It's chaos from the very start when Trenton Miller swings open the wooden doors of a four-bedroom home in McLean, Virginia, a suburb of Washington DC.
Miller, a 19-year-old real-estate agent, takes the viewer on a frantic jog through all three floors of the $3.4 million property.
He plays rock-paper-scissors with himself in the mirror, pretends to have a distressing trip to the toilet, and falls not once, but three times, on the hardwood floor.
Miller calls it a speed tour.
For the recent high-school graduate, it's become an important calling card as he starts his career in his hometown of Chambersburg, Pennsylvania, a small county seat west of Gettysburg.
In a stagnant real-estate market, Miller, like other agents, has been forced to get creative to make his listings stand out and find potential buyers.

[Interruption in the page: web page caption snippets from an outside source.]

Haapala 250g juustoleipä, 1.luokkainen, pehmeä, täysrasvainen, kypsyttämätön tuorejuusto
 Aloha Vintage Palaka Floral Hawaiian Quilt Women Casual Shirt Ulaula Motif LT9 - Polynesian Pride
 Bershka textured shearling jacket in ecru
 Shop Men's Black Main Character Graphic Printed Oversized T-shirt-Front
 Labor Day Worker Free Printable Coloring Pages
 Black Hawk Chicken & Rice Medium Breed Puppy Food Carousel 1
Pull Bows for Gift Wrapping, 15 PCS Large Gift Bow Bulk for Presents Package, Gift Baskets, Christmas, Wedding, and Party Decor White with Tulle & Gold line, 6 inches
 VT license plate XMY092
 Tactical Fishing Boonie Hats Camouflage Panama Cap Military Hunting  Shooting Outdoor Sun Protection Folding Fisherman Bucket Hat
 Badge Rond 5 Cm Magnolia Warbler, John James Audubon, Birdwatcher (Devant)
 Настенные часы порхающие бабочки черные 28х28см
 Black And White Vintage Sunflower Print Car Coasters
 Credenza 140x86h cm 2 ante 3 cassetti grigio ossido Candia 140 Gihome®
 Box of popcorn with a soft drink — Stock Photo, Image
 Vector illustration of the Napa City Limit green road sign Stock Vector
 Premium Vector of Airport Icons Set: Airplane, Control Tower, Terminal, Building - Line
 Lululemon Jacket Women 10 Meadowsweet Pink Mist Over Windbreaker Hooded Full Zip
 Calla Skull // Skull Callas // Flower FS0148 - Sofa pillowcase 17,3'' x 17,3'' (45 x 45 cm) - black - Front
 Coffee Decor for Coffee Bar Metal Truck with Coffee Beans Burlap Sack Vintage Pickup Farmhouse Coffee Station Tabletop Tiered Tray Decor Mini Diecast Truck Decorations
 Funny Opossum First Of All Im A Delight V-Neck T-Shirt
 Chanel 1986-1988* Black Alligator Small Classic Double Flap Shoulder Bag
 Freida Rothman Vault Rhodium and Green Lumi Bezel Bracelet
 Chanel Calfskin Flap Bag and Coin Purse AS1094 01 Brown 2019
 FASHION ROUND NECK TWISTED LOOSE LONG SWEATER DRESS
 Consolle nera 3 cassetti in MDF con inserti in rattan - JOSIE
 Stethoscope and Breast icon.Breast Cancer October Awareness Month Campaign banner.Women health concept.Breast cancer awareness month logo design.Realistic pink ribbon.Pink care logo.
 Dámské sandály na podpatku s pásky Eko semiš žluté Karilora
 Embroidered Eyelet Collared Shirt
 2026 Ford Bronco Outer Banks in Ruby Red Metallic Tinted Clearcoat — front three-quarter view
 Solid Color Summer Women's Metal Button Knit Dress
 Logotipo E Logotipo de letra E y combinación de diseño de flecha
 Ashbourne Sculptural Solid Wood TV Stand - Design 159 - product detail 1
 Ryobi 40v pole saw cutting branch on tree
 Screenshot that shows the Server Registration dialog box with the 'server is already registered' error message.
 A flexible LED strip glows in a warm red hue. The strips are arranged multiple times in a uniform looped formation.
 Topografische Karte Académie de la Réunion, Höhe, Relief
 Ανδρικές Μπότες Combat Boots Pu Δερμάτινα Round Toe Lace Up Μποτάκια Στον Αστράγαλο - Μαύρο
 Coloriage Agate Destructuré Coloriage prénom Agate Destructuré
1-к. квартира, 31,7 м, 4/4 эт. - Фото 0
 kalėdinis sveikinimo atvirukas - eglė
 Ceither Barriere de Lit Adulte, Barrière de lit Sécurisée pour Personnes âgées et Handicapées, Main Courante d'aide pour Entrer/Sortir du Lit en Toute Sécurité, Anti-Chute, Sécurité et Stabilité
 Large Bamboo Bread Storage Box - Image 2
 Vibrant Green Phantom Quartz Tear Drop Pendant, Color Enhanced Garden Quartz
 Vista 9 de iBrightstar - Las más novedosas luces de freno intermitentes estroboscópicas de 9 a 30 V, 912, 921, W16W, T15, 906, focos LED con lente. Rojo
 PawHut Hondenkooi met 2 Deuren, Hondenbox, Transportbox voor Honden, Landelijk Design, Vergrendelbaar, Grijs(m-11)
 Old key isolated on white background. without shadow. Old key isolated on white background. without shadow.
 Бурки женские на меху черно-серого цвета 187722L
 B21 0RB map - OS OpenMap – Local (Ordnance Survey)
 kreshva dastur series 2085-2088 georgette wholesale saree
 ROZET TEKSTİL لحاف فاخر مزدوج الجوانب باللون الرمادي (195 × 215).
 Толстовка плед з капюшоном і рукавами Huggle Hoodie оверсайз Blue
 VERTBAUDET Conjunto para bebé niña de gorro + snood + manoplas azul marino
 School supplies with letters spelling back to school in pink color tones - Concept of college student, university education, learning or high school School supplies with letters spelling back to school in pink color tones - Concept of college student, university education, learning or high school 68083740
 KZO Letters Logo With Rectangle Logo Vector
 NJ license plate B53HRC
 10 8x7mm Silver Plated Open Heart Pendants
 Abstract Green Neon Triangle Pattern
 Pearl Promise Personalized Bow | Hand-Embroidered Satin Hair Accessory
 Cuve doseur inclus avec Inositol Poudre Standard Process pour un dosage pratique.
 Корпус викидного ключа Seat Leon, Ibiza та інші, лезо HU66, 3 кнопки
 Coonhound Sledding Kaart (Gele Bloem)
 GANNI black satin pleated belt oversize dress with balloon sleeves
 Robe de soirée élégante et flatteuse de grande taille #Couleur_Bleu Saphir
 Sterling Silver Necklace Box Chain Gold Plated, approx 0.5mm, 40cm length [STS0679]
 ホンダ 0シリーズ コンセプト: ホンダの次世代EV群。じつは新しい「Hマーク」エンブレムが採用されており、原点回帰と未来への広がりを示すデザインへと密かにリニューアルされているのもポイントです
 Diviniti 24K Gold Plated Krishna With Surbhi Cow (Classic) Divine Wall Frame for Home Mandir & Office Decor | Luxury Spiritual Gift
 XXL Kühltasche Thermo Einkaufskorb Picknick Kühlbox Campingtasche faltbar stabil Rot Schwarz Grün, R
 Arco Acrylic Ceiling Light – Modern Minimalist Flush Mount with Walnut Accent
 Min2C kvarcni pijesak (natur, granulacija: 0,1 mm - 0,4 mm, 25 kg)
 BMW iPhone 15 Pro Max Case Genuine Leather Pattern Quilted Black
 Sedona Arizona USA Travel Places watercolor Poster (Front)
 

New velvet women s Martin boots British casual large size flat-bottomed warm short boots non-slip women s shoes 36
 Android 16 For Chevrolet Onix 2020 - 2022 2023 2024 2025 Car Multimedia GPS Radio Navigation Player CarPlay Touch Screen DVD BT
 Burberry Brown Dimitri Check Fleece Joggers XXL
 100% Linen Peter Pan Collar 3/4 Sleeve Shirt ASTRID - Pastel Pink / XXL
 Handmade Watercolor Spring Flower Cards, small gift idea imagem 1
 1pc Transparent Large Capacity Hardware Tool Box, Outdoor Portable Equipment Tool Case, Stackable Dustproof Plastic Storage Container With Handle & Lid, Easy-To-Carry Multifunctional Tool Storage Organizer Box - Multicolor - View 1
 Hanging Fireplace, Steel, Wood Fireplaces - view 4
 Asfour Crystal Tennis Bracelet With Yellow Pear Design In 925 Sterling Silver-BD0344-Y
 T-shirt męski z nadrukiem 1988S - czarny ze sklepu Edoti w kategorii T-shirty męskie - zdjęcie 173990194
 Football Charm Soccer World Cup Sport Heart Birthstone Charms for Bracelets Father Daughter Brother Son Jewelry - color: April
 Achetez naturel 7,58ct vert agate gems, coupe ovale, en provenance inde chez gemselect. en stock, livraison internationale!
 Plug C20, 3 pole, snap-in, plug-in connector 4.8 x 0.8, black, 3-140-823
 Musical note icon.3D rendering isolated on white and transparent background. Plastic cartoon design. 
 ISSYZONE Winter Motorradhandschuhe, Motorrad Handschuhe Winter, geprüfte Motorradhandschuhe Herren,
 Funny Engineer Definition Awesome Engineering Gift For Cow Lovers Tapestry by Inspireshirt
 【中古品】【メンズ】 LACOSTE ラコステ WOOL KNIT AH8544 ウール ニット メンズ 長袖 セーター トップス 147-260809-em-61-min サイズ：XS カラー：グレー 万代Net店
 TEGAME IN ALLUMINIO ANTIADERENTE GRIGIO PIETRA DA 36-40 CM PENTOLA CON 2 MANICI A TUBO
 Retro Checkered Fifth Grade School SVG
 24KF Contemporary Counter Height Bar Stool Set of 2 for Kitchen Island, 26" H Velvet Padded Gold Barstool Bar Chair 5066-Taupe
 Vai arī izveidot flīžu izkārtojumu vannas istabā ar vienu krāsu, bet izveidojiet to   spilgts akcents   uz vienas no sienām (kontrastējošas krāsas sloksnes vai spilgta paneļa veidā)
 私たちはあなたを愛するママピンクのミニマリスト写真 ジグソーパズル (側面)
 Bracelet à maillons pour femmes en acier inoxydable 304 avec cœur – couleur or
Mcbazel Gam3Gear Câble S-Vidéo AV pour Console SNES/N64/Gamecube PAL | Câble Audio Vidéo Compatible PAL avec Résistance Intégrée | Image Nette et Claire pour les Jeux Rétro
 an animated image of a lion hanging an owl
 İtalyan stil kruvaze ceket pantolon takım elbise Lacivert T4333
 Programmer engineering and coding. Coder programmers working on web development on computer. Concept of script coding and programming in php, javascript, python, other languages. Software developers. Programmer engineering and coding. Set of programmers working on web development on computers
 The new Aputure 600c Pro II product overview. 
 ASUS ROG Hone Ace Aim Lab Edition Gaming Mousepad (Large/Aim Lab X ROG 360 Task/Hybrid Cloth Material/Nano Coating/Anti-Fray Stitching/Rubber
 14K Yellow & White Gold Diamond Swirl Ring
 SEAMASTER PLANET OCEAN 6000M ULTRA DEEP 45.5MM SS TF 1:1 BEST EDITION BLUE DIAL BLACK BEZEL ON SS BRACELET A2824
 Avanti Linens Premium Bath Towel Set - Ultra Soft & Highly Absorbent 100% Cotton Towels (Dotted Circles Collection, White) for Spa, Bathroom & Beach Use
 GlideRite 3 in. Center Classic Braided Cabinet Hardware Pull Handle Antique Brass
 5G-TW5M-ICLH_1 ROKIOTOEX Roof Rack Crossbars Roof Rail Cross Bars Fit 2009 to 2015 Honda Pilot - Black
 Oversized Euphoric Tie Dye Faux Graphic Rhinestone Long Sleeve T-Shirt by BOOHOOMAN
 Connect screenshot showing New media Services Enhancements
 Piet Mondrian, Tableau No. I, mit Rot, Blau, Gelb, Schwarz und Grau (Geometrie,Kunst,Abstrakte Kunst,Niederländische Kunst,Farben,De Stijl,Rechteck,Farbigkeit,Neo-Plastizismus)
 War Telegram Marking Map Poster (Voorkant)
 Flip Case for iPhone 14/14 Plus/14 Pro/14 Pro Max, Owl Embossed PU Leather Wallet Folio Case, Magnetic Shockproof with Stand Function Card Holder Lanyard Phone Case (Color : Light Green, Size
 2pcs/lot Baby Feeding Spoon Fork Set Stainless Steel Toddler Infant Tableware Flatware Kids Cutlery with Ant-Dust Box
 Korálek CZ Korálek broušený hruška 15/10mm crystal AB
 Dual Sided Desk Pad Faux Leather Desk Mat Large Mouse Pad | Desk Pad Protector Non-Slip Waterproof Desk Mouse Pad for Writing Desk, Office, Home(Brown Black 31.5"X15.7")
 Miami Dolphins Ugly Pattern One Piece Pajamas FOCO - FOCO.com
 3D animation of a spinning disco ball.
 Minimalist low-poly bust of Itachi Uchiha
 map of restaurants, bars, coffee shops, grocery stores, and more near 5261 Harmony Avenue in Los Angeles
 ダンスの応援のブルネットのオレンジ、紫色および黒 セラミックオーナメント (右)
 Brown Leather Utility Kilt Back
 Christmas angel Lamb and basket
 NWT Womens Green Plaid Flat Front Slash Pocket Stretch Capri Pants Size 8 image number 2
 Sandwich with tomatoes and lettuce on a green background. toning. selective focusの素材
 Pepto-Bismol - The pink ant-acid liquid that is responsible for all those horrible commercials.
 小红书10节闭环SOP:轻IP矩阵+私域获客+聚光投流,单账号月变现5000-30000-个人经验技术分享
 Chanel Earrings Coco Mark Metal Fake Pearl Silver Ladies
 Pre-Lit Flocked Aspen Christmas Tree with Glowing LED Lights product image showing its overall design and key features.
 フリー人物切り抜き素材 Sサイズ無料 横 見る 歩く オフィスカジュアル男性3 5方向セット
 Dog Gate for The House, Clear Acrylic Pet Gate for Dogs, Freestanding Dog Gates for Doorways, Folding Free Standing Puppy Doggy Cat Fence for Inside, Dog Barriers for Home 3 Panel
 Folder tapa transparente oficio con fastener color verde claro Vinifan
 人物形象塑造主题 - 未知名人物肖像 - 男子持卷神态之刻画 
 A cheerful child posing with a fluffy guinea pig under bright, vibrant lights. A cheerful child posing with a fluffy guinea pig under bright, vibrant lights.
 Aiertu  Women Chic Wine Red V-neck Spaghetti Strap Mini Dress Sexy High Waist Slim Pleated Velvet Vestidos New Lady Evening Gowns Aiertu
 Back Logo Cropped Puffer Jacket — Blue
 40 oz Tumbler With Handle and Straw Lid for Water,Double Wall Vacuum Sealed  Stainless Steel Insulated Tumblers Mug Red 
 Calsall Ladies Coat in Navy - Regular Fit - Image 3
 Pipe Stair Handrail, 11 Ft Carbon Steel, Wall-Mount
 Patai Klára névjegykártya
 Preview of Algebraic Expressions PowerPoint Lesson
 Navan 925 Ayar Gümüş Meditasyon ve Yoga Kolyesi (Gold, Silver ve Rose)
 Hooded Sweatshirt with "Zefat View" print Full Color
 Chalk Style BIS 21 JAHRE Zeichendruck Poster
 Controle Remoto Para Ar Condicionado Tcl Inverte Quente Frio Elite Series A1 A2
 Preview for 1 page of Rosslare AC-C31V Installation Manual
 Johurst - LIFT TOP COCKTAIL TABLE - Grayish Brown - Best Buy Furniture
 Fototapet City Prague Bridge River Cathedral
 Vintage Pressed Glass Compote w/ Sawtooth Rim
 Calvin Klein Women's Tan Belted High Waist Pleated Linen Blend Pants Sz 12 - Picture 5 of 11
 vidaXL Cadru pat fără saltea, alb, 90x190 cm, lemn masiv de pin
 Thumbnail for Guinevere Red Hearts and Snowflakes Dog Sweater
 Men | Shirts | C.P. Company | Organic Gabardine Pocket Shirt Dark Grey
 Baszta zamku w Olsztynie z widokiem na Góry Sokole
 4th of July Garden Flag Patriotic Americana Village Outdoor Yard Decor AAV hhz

Enter the speed tour. Now, other agents have asked Miller to film his run-throughs of their listings, some even paying as much as $1,500 for a single speed tour posted to his account @trent_miller__, which has 1.3 million followers.
"It's been a blessing," Miller told Business Insider. "I really want to make sure I capitalize on the opportunity."
Miller intended to invest in rental properties, inspired by real-estate entrepreneurs he admired on YouTube like Grant Cardone, but determined the experience he'd gain as a broker was a good place to start.
Early on, Miller realized that a traditional home tour — where a broker calmly narrates a walk-through of a home for sale and points out commonplace details like the height of the ceilings or finishings on a sink — would get lost on TikTok.
It was also difficult to find homebuyers prepared to endure relatively high mortgage interest rates and expensive home prices.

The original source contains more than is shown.